Ma una notte, spinta da un’ardente curiosità di conoscere il volto dell'innamorato e, con la complicità delle sorelle, la giovane si avvicinò alla figura di lui, che dormiva profondamente, protendendo una lampada a olio.  Ma il destino era in agguato. Prima che la giovane riuscisse a distinguere il volto dell'amato,  una goccia di olio ardente cadde, ustionando Amore.

“... Colpito il Dio si risveglia; vista tradita la parola a lei affidata, d'improvviso silenzioso si allontana in volo dai baci e dalle braccia della disperata sposa.”

Affranta e scoraggiata la giovane tentò più volte il suicidio ma gli dei glielo impedirono.
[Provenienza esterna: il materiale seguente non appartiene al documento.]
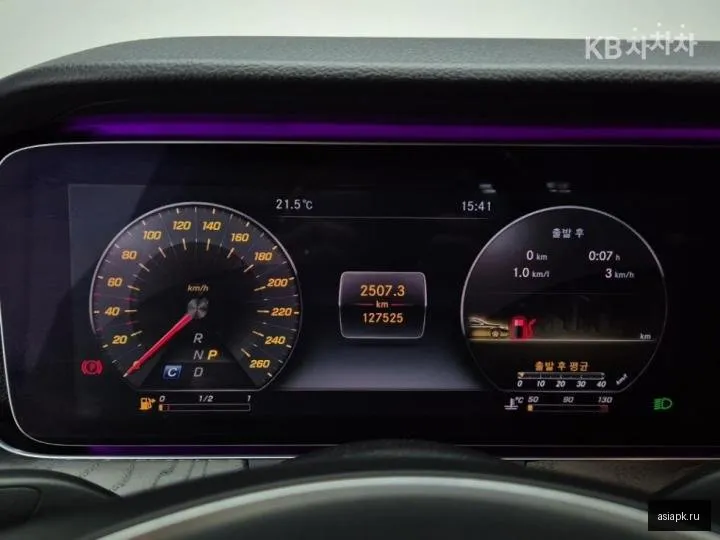 Mercedes-Benz E-Class 6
Psiche inizierà un vagabondaggio alla ricerca del suo innamorato, vendicandosi delle sorelle e addossando loro la colpa di quanto le era accaduto. In seguito, tentò di conquistarsi il favore degli dei offrendo loro doni e fiori in ogni tempio che incontrava lungo il cammino. Ma quando arrivò al tempio dedicato ad Afrodite le si consegnò, confessandole di aver tradito la fiducia del figlio, nella speranza di rabbonirla.

Per appurare la genuinità del pentimento della giovane, la dea la sottopose ad alcune dure prove. Nella prima le chiese di suddividere un mucchio di granaglie in tanti mucchietti uguali e Psiche ci riuscì soltanto con l'aiuto insperato di alcune formiche. La seconda prova consisteva nel raccogliere la lana d'oro di un gruppo di pecore e Psiche ci riuscì ma solo dopo essere stata consigliata da una Verde Canna di farlo dopo il tramonto del sole. Nella terza doveva raccogliere acqua da una sorgente che si trovava in un luogo impervio tra le montagne a strapiombo. Qui Psiche riceverà l'aiuto dell'Aquila di Zeus.             
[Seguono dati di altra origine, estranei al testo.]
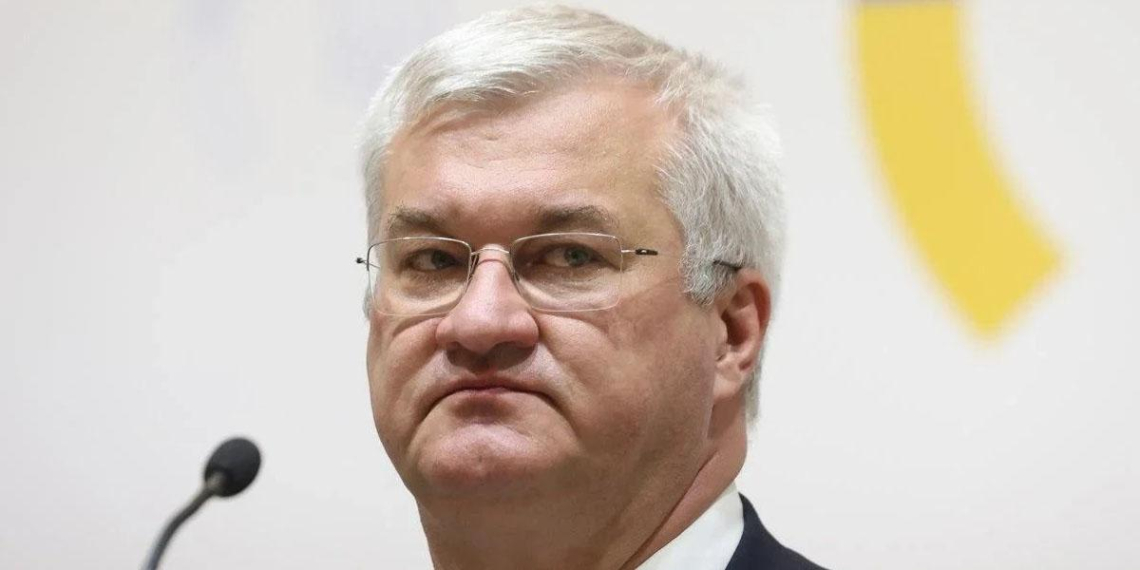 Киев резко ответил Венгрии на призыв прекратить угрозы после ударов по "Дружбе"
Per l'ultima prova, quella più estrema, la giovane avrebbe dovuto scendere fino agli inferi, alla ricerca della dea Proserpina, per domandarle di cederle un po' della sua bellezza.  

Presa dallo sconforto per l'immensità della sfida, la giovane tentò il suicidio gettandosi da una delle torri di roccia ma, di fronte a tanto dolore, la torre stessa si impietosì e animandosi le impedì di compiere il gesto fatale. In seguito, prese a consigliarla su come affrontare la prova e di come uscirne indenne.

Secondo le istruzioni, Psiche doveva recarsi all'ingresso dell’Ade portando con sé due focacce di miele e due oboli. Una focaccia da offrire a Cerbero, il terrificante guardiano degli inferi e l’obolo da offrire a Caronte, il traghettatore delle anime. Le stesse donazioni avrebbe dovuto offrirle al ritorno per poter uscire dagli inferi. La torre le raccomandò, inoltre, di non aprire la boccetta contenente gocce di bellezza della infernale regina.

Psiche seguì diligentemente le indicazioni e riuscì a portare a termine la sua quarta prova ma, sulla via del ritorno, non seppe resistere e aprì la boccetta con l’intenzione di rinfrescare la sua avvenenza.

Quel gesto le costò caro: dalla malefica boccetta fuoriuscì una nuvola soporifera che la indusse a un sonno profondo, all'apparenza mortale.


Fu ancora una volta Amore che, spazientito dalla lunga attesa dell'amante, partì alla sua ricerca e a salvarla, sollecitandola poi di consegnare la boccetta ad Afrodite.

Per perorare la causa della giovane donna, Amore si recò da Zeus raccontando tutte le vicissitudini e le dure prove affrontate dall'amata e il signore dell'Olimpo, riconoscendo la buona volontà e l'amore che intercorreva tra loro, fece salire Psiche all'Olimpo facendole bere una coppa dell'elisir che donava l'eterna giovinezza e l'immortalità elevandola tra gli dei. 

In seguito, tra danze e canti e la partecipazione di tutti gli dei, si celebrarono le nozze tra i due innamorati  e da quella divina unione nacque una figlia che venne chiamata  Voluttà.